Brandon Walsh

Data Description and Collection

Posted in: digital humanities  pedagogy 
Crossposted to the Scholars' Lab blog.

I’m realizing that if I don’t start combining things I will only ever blog about my class, so here I’m collecting notes on the last two weeks of “Data for the Rest of Us” on data description and collection into a single post. We got into the first real technical skills for the course as the students built out their understanding of the data production pipeline. The goal is for them to build datasets based around their own interests, and we took some real steps in that direction with these units.

We had previously developed a working definition of data, so we began our session on description by reviewing it briefly before quickly introducing metadata. We focused on its use: confusingly, metadata is often called data about data, but it’s more accurately thought of as data attached to other data that gives context, facilitates discovery, and enables analysis. We got to these topics by way of metadata in everyday life. We talked about the metadata categories used on driver’s licenses and by online booksellers to facilitate identification and search. And then we made our way to the Netflix page for a popular movie to show how fuzzy things can get. I pointed out the various objective, quantifiable data (release date, length) and asked the students to discuss the other kinds of qualitative data on the page. We discussed how the genre categories are often a combination of algorithmically generated and hand-selected tags. We talked about controlled vocabulary, introduced the concept of a folksonomy, and discussed the pros and cons of each. Relevant examples were hashtags on Twitter and shelving categories on Goodreads. We ended by discussing metadata standards with a particular focus on Dublin Core.

Then we moved to the actual main activity for the day that actually asked the students to practice creating descriptive metadata. I set out three stacks of materials and asked them in groups to create a spreadsheet describing them. Each set of materials had a few types of items:

  • A set of books that were easy to describe
  • A zine
  • A book by George Eliot
  • A book by Haruki Murakami (to introduce concepts of translation)
  • One of a handful of especially challenging objects:

I had the students go through and describe their objects in groups using Dublin Core, fielded questions as they came up, and then rotated the unusual objects so that each group had seen them all. I periodically asked discoverability questions that prompted the students to rethink how they were organizing their data such as “which of you has a book by Mary Ann Evans?” The answer, of course, is that they all had a book by George Eliot. We talked about where that information should go in their dataset and discussed the individual choices made by different groups to solve these problems. We then touched on Riding SideSaddle specifically, which gave every group difficulty. Was the novel a genre? A format? A fuzzy concept? Their homework to pull all this together by using Dublin Core to create a small dataset that described 10 different examples of an interest of theirs.

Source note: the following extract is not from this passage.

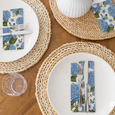 Hydrangea Garden Lunch Napkins styled with white dinner plates, natural woven placemats and silver cutlery for an elegant blue and white Hamptons table setting.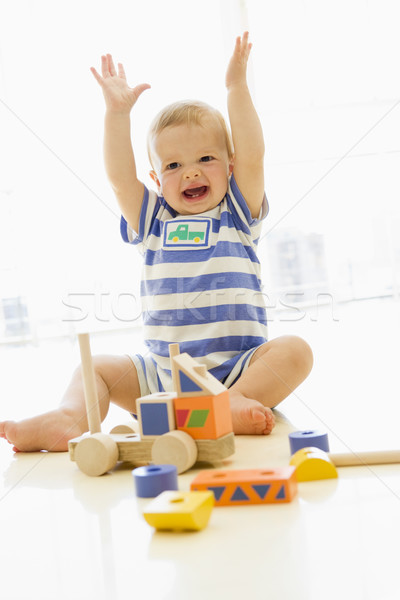 Stock photo: Baby indoors playing with truck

The following class was about data collection, a topic I was especially excited about. We talked broadly about why we want to gather that in the first place:

  • It’s not being done!
  • To make the world better
  • To make something you care about last
  • Because otherwise someone else will do it instead/in spite of you

And then we discussed how to do so:

  • Surveys
  • Crowdsourcing
  • Web scraping
  • APIs
  • Ethics questions and IRB

Throughout, my main takeaway was that there is a wealth of stuff out there not being gathered. Any person can take on the task of gathering ephemeral content, sustaining, and analyzing it. But we have to be careful, ethical, and thoughtful about how we do so.

The centerpiece of the class was a workshop on webscraping as a method for collecting web data. I love teaching students how to scrape because I still remember how earth shattering it felt to learn how to do for the first time. So much stuff out there! And you can reach out to touch and handle it! I don’t assume any programming knowledge in the course, so I looked around for point-and-click scraping tools that might work for a one-off workshop. I landed on webscraper.io, a freemium tool that runs as an extension in Chrome. It’s very slick and powerful for this sort of sandbox work. The free version runs locally in your browser, so not good for full-on, large-scale work. But it requires very little technical knowledge, which made it work well for my purposes. I walked the students through how to scrape the Scholars’ Lab blog, and then I gave them a few other sites to practice with:

Their homework was to scrape another sandbox example and come up with ideas for real scraping projects. They’ve done great work with these scaffolding assignments that are building towards pitches for their final projects, and I’m excited to see where they go.

A few other reflections:

  • I keep having the students make spreadsheets to work with, and every time the students lose five minutes at the beginning of each activity as they create a blank spreadsheet and share their email addresses with each other. I should really create some blank spreadsheets ahead of time for them to reuse. It’s a small thing, but a few minutes each class really add up. And it often feels like the activities have a slow burn to really get going as the students start out engaging in tedious housekeeping.
  • One small thing I’ve been interested in this semester: everyone in the class is majoring or minoring in STEM in some way. I’m finding that I have to recalibrate a lot of my expectations. For example, my own background as a teacher of literature makes me want to gear everything towards discussion in a way that feels unusual to the students. But the students are excelling with the hands-on activities and technical work. I’m finding that I need to lecture more than normal, but also that I can go deeper on some of the technical questions than I might otherwise.

As always, the slide decks I’ve put together are all available on the course website.